What the task requires:
Look through the data below for the line with "Coluna Amplificada VSOUND" and the line with "Mayfair 2ct Y", then output those two and all lines in between, exactly as written.

Data for processing section start

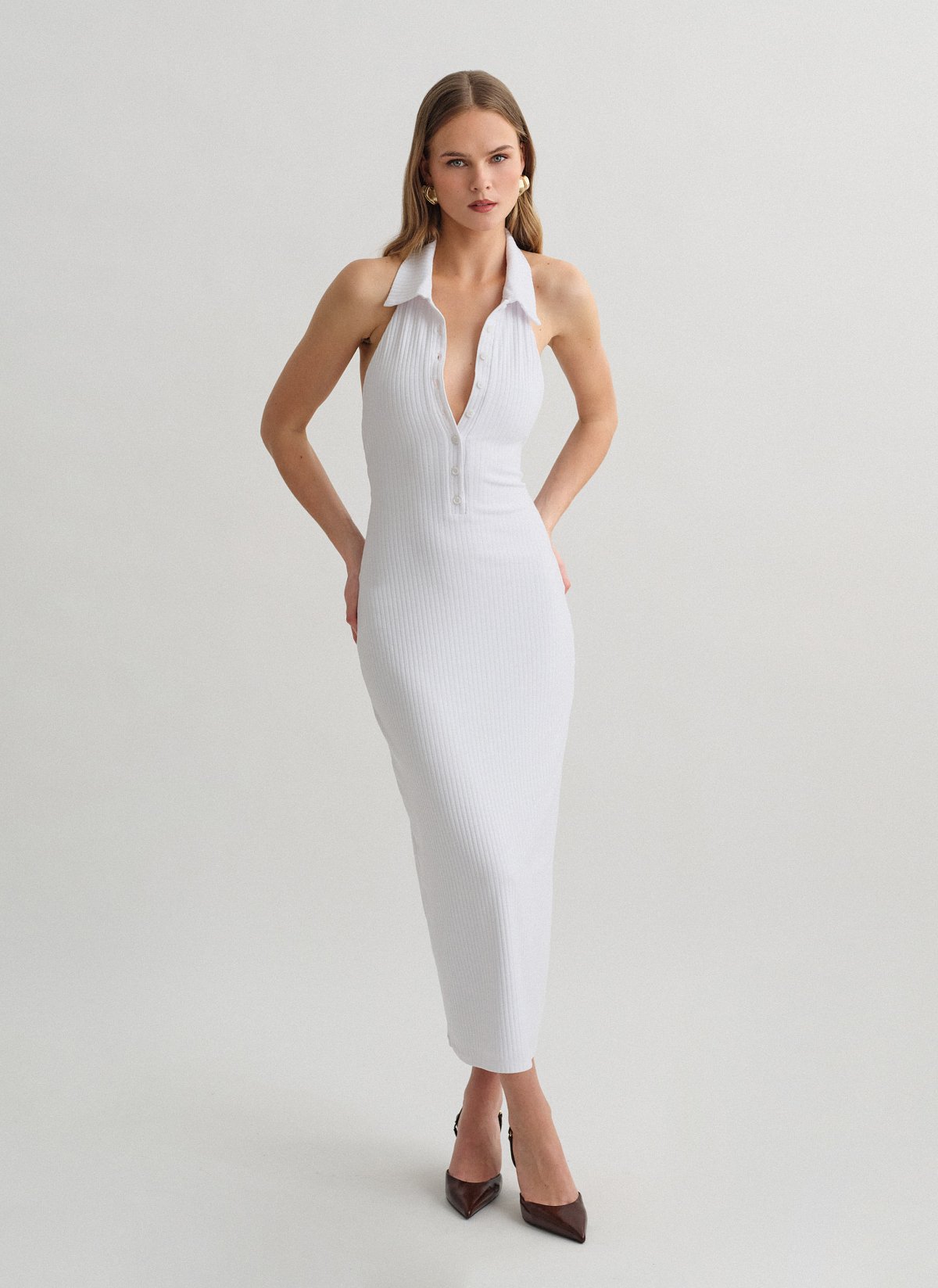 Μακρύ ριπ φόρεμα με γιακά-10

Data for processing section end
Data for processing section start

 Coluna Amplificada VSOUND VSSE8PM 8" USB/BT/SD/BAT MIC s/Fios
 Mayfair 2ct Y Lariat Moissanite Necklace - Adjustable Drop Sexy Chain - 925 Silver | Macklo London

Data for processing section end

Answer to this exercise:
 Coluna Amplificada VSOUND VSSE8PM 8" USB/BT/SD/BAT MIC s/Fios
 Mayfair 2ct Y Lariat Moissanite Necklace - Adjustable Drop Sexy Chain - 925 Silver | Macklo London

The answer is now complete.